Co oglą daliś my! Na nasyp, wychodzą c z terminalu, skrę cił em w prawo wzdł uż morza. Muzeum Morza, a za nim wł oska ł ó dź podwodna z lat 60. ubiegł ego wieku na molo, w tym samym miejscu ś piewał jakiś zespó ł ludowy. Po 100 metrach po lewej stronie znajduje się staroż ytna wież a. Przed nami przystojny galeon, któ ry zagrał w filmie Polań skiego, potem moż na przejś ć przez park do Akwarium Genui, w tym samym miejscu na molo Biosphere, Hotel Marina, dalej wzdł uż Nabrzeż a Ł odzi i Zabytkowego Portu. Przecinamy ulicę do Piazza Caricamento i od razu dwa pię kne palazzos, mię dzy któ rymi mijamy Piazza. Banki, tutaj znajduje się loggia Mercanti, w któ rej otwarto pierwszą w Europie Gieł dę Papieró w Wartoś ciowych oraz koś ció ł S. Pietro della Porta. Nastę pnie rozważ ymy najstarszą historyczną czę ś ć miasta - katedrę w Genui, Pał ac Ksią ż ę cy, udaliś my się do dwuwież owej bramy Porta Soprano z pozostał oś ciami muró w twierdzy. Trzy minuty pó ź niej jesteś my na centralnym placu Genui - Placu Ferrari z duż ą fontanną . Istnieje ró wnież Teatr Santo Felice. Stą d udajemy się na ulicę Garibaldiego, gdzie najbardziej luksusowe pał ace biegną jeden po drugim.
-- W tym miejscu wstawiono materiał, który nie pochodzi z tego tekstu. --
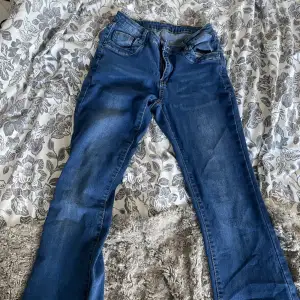Låg midjade jeans en liten lös tråd längst ner på höger ben som går att klippa av 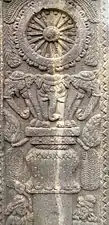 Pillar with elephants supporting a wheel.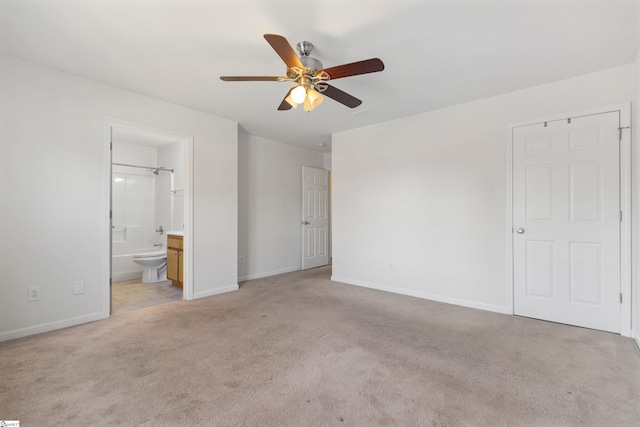 unfurnished bedroom featuring light carpet, connected bathroom, baseboards, and ceiling fan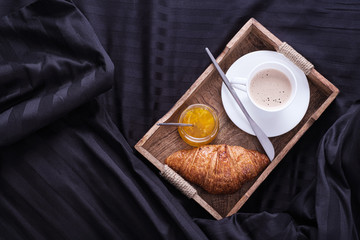 Cozy breakfast in bed, cup of coffee and croissants and jam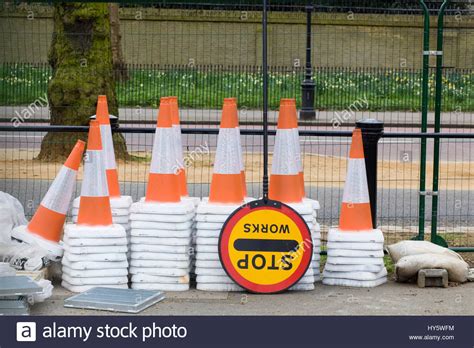 Stacked Traffic Cones And A Stop Work Sign On The Side Of A Fenced Off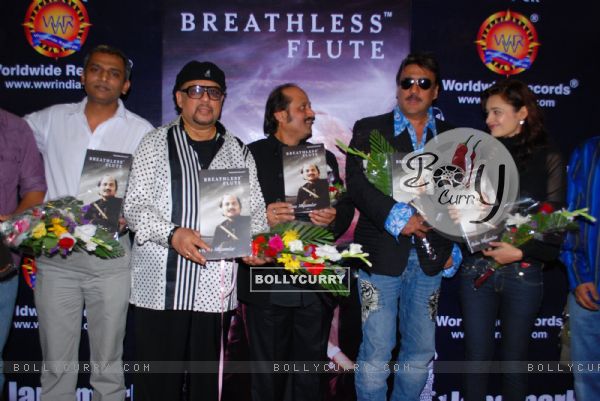Jazz Musician Louis Banks, Pandit Ronu Majumdar, Jackie Shroff and Yuvika Chaudhary pose for the photographers during their album launch of "Breathless Flute" in Mumbai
To trzeba zobaczyć . Palazzos z XV-XVI wieku, ale przetrwał y i nie ustę pują pię knem pał acom weneckim. Dalej jest Pał ac Kró lewski, a za nim, po przejś ciu kolejnych 500 metró w, jesteś my na dziedziń cu. Po wysł aniu kobiet do odpoczynku na nasypie, wymyś lili bilety, kupują c je w taryfie Mini na podró ż powrotną do Wenecji. Był a już pora obiadowa, wię c zdecydowaliś my „Genua – Genua, a obiad na Splendid powinien być zgodnie z planem”, zwł aszcza, ż e ​ ​ nabraliś my już apetytu.
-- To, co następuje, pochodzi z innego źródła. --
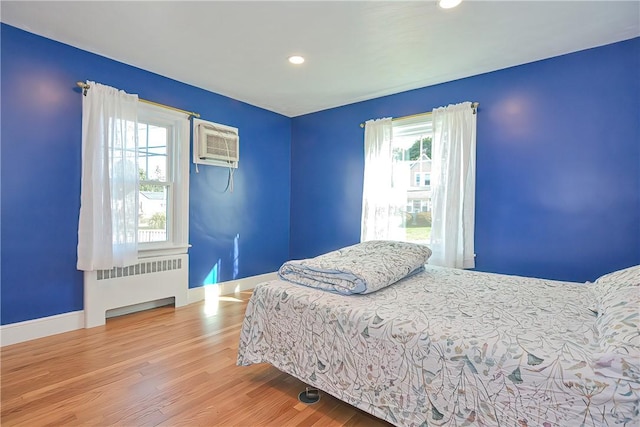 bedroom featuring hardwood / wood-style floors, radiator, and a wall mounted AC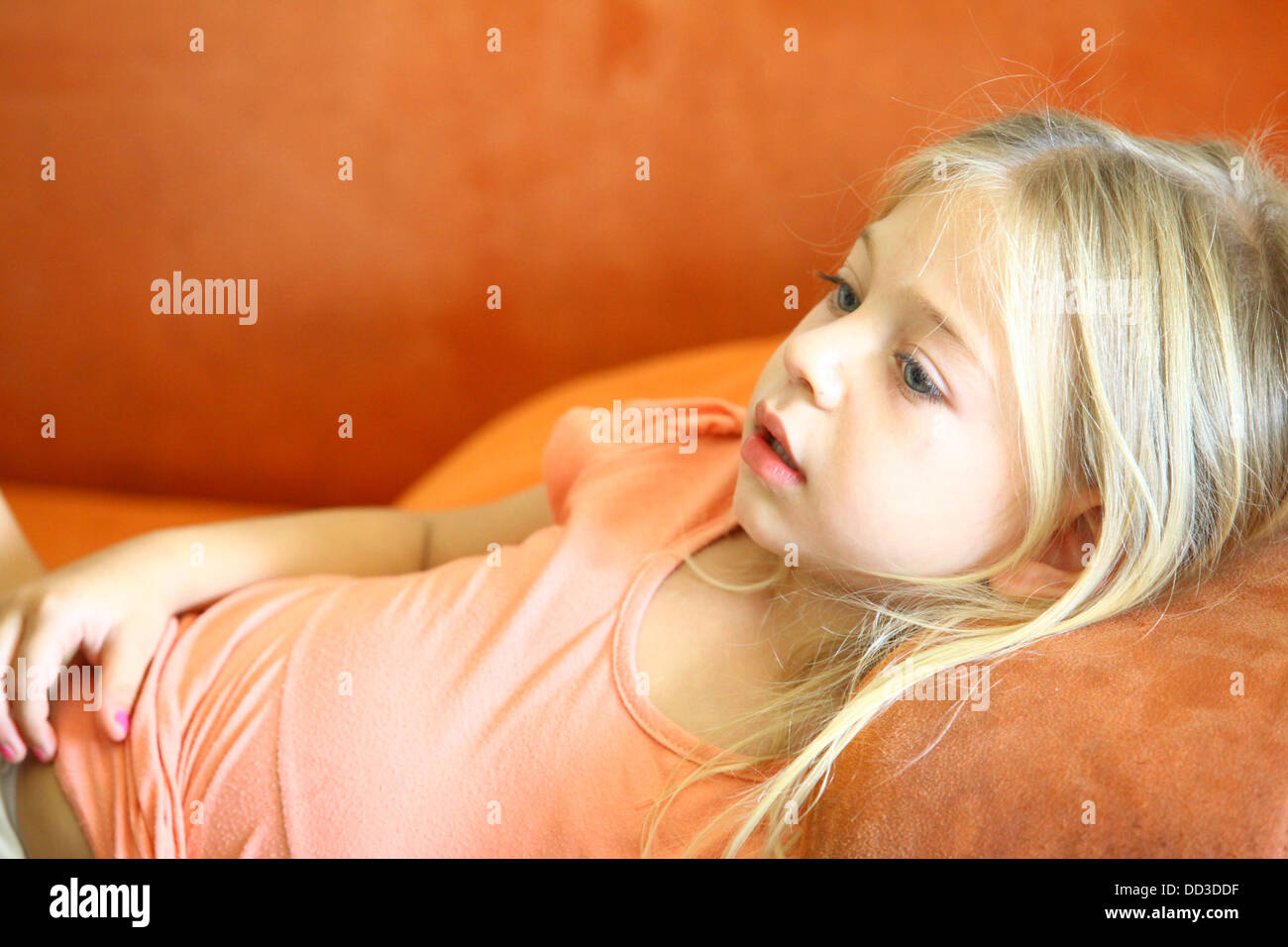 Young girl of 4 engrossed in a TV show Model release available Stock Photo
Zgodnie z kartami rejsó w, bez pytania przechodzimy do naszego liniowca, windą wjeż dż amy na nasz pokł ad (wszystkie pokł ady noszą nazwiska sł ynnych wł oskich artystó w, nasz to Giotto dla nr 8). Nasza kajuta jest na samej rufie, idziemy niekoń czą cym się korytarzem, nasz bagaż już stoi przy kajucie, wszystko wnosimy do kajuty, robimy porzą dek i jedziemy windą na obiad do ogromnych samoobsł ugowych kawiarni któ re są na pokł adzie 14 i nazywają je "Bora Bora" i "Pago-Pago" Okazał o się , ż e był o bardzo wygodnie, obok naszej kabiny był a winda i bardzo szybko znaleź liś my się w kawiarni. Zasada jest prosta, ale dla osó b zagubionych w duż ych iloś ciach schemat jest w widocznym miejscu. Jest miejsce na amerykań skie jedzenie (hamburgery, frytki, ich ulubione sał atki), potem wł oskie makarony do pię ciu rodzajó w (spaghetti, makarony i inne rogi) i dla nich sosy, wrę cz przeciwnie - ró ż ne pizze. A jeszcze dalej tzw. „Nepasty” – czyli ró ż ne dania mię sne, kieł baski, klopsiki, ró ż ne sał atki, siekane warzywa, sery, nastę pnie owoce, desery, ciasta, wszelkiego rodzaju wypieki. W ró ż nych miejscach znajdują się ekspresy do kawy i herbaty. Jest ló d i zimna woda. Nim wszystko wymienię , jestem już zmę czona. A co to wszystko zobaczyć i wybrać ! Jedzenie wybiera się na coś pomię dzy duż ym, bardzo duż ym talerzem a przyzwoitą pastą do smarowania. Rozumiem, ż e nie bę dziemy tu gł odować , zał oga statku nie pozwoli (napisał em to, bo niektó rych interesuje to w pierwszej kolejnoś ci).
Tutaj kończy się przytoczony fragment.